34Il est vrai que la famille royale a été bien mal entourée et conseillée. Il y a tout d’abord le duc d’Orléans dont les intrigues dès le début des événements apparaissent douteuses... N’aurait-il pas encouragé le pillage des armureries et la prise de la Bastille, ne l’accuse-t-on pas de vouloir assassiner le Roi pour lui succéder ? Son appui aux factions les plus ardentes, sa démagogie le conduisent d’ailleurs au déshonneur (il vote pour la mort de Louis XVI) et à la mort. Grace Elliott Dalrymple qui est devenue une amie très proche du futur Philippe Egalité tente en vain de le disculper de tous ces vilains bruits. Les inconséquences du duc d’Orléans seraient dues à son entourage ; lui-même est un homme de plaisir, plus attaché à ses conquêtes amoureuses (Madame de Buffon en particulier) qu’au démon de la politique. Mais son avocate doit reconnaître par la suite la conduite jugée inqualifiable de son ami au cours du procès du Roi.

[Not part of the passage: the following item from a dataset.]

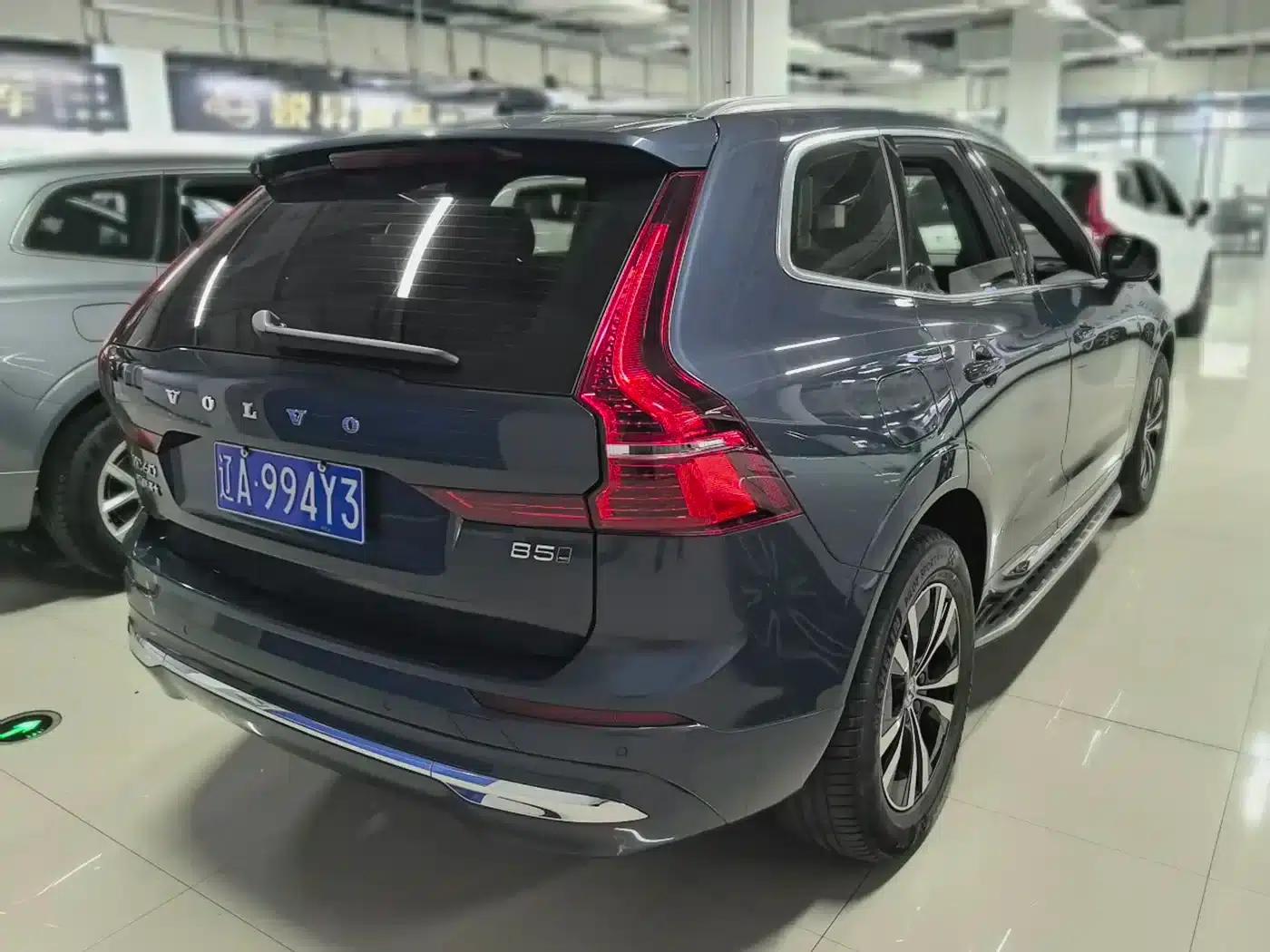 2023 Volvo XC60 B5 AWD Inscription Luxury Edition — миниатюра 4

35Le marquis de La Fayette est traité avec moins de sévérité. L’on note en effet son courage lors des journées d’octobre, son rôle important à la tête de la garde nationale, sa participation exemplaire à la fête de la Fédération. Mais Grace Dalrymple lui reproche son attitude en mai-juin 1789 (son ralliement au Tiers-Etat) ; il devient l’idole de la multitude souligne un autre observateur et le voici engagé dans les intrigues politiques, jouant les arbitres entre la Cour et l’Assemblée. Par la suite, sa trahison apparaîtra comme l’aboutissement logique d’une conduite inconséquente et ambiguë.
36Mais c’est sans doute Mirabeau qui encourt le plus de reproches. W.A. Miles30, en avril 1791, considère qu’il aurait pu sauver la monarchie mais qu’il s’est laissé acheter par le plus offrant ("he was mercenary… ready to sell himself to any party..."). Son image très positive au début de la Révolution s’obscurcit presque totalement et il est rendu responsable de l’erreur que fut la fuite à Varennes.

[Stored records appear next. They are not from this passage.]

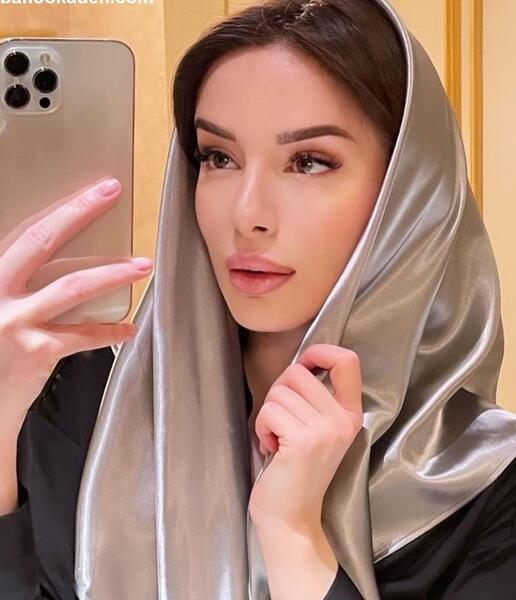 عکس روسری ساتن مشکی ساده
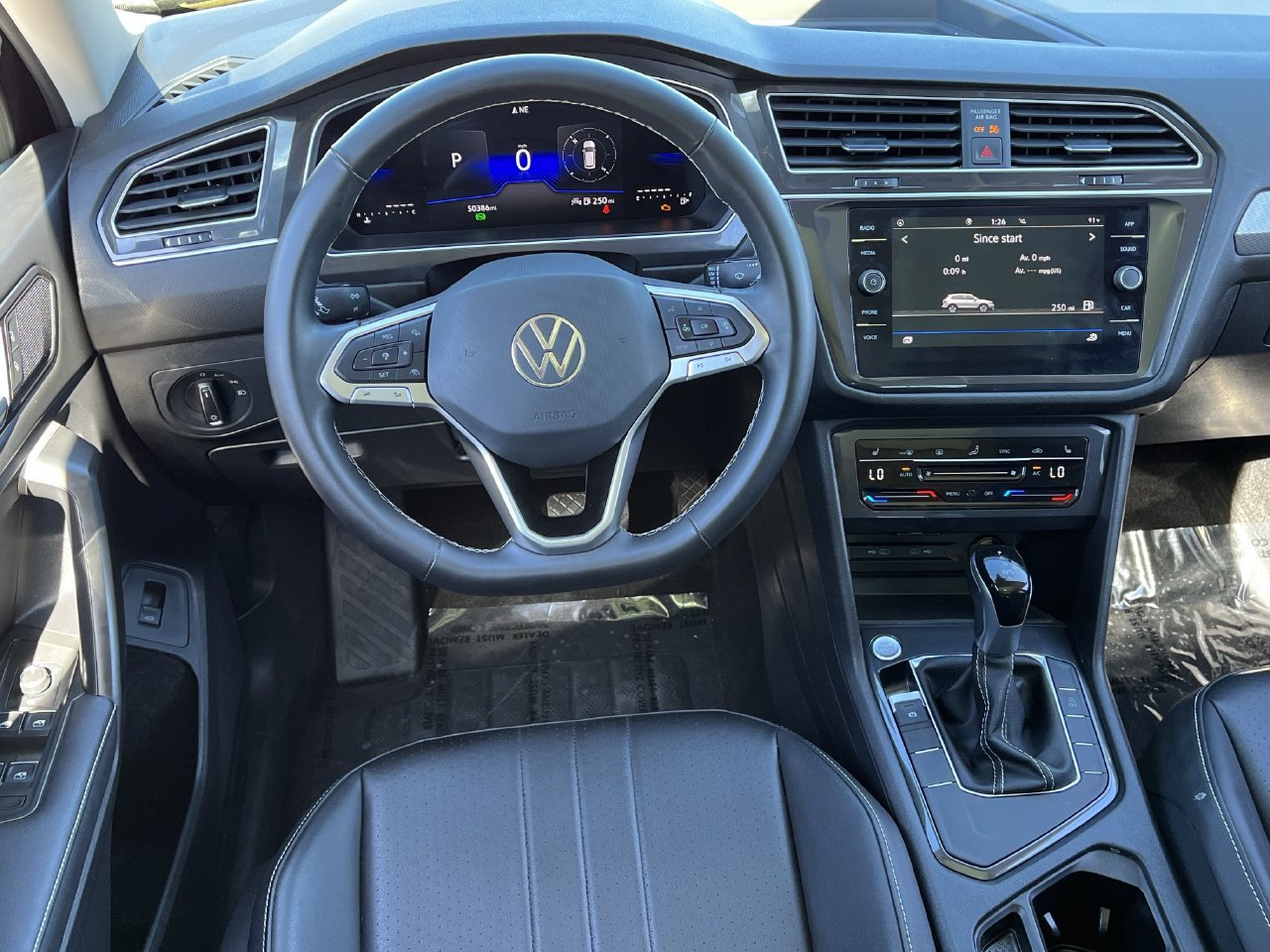 Used 2024 Volkswagen Tiguan SE w/ Panoramic Sunroof Package FWD image 10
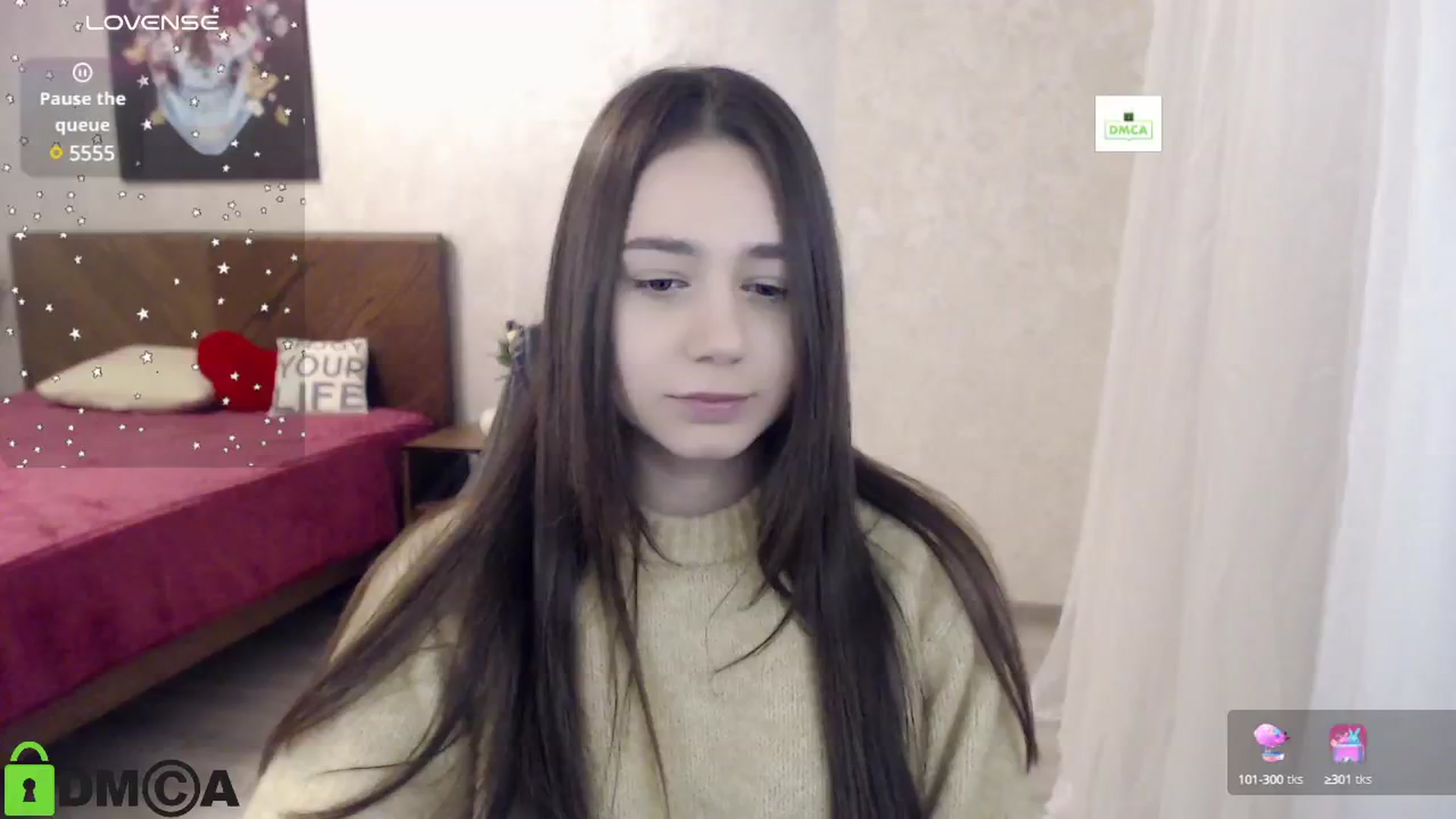 Gallery image thumbnail from MaryAmino's myfreecams stream on, 12/08/2024, 16:17 image 2 of 20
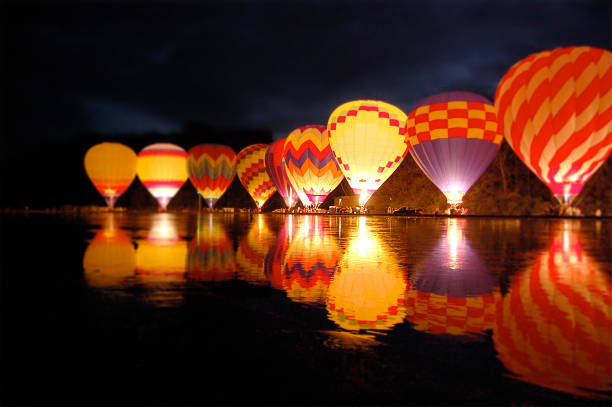 aria calda palloncini - inflating balloon blowing air foto e immagini stock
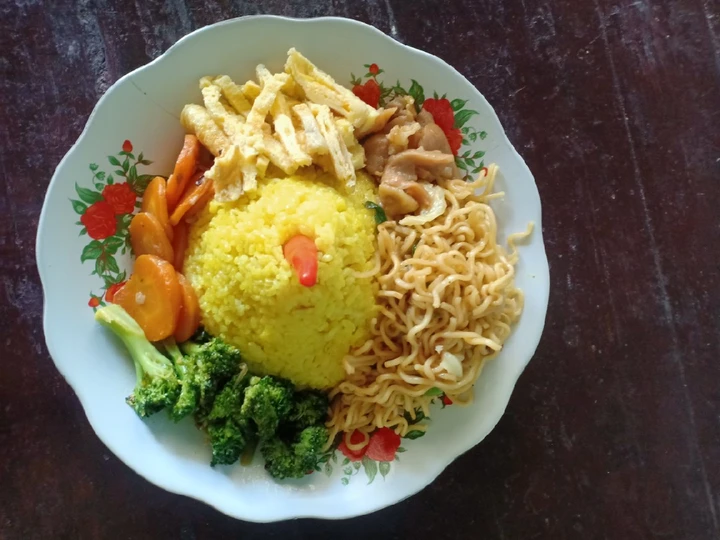 Cara Gampang Membikin Resep  Nasi Kuning rice cooker Sederhana yang Lezat Sekali, Enak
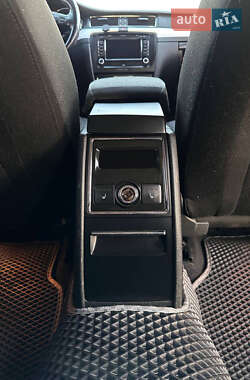 Универсал Skoda Superb 2011 в 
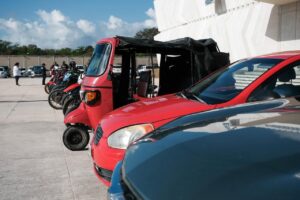 Mara Lezama entrega 24 vehículos robados recuperados a sus dueños en Quintana Roo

37Dans les cercles politiques de la capitale entre 1792 et 1794 ce sont les Girondins qui sont considérés avec le plus de sympathie. Ils incarnent l’idéal d’une révolution modérée soucieuse de légalisme, hostile à toute démagogie. Quelques visiteurs ont l’occasion de fréquenter leurs principaux leaders. C’est le cas en particulier d’Helen-Maria Williams qui revenue à Paris en août 1792 fait la connaissance de madame Roland, est admise dans son entourage et élargit son cercle de relations politiques et mondaines à Vergniaud, Brissot, Bancal des Issarts et Marie Joseph Chénier. Dans l’hiver 1792-1793, elle ouvre son propre salon à ces nouveaux amis, et suit du point de vue girondin le déroulement du procès du Roi. Mais en juin 1793, tout s’effondre. Les députés girondins sont arrêtés ou doivent s’enfuir pour échapper à la justice révolutionnaire. Miss Williams rend visite à madame Roland emprisonnée à Sainte-Pélagie. C’est pour elle l’occasion de célébrer la culture et l’intelligence de son amie, sa bonté et sa sérénité dans les épreuves comme d’ailleurs son élégance et son charme physique (the charms of the most élégant manners… her full dark eyes beamed with the brightest rays of the intelligence... (sa silhouette) tall and well shaped…). Cet attachement pour les Girondins, encore fortifié par leur fin tragique (en particulier le suicide de Roland) est partagé par d’autres visiteurs comme John Moore31 qui voit en Roland un pur et vertueux républicain, timide et modeste mais ferme dans ses convictions ; il l’oppose à l’ambitieux Danton, orateur doué, s’imposant au public par ses façons rudes et résolues et son volume sonore (his voice of Stentor)... Même Dumouriez avant sa trahison bénéficie d’un jugement plutôt sympathique. John Moore l’évoque dans la Convention avec son intelligence aiguë, son extraordinaire vivacité d’esprit et son entourage inébranlable (unshaken courage...).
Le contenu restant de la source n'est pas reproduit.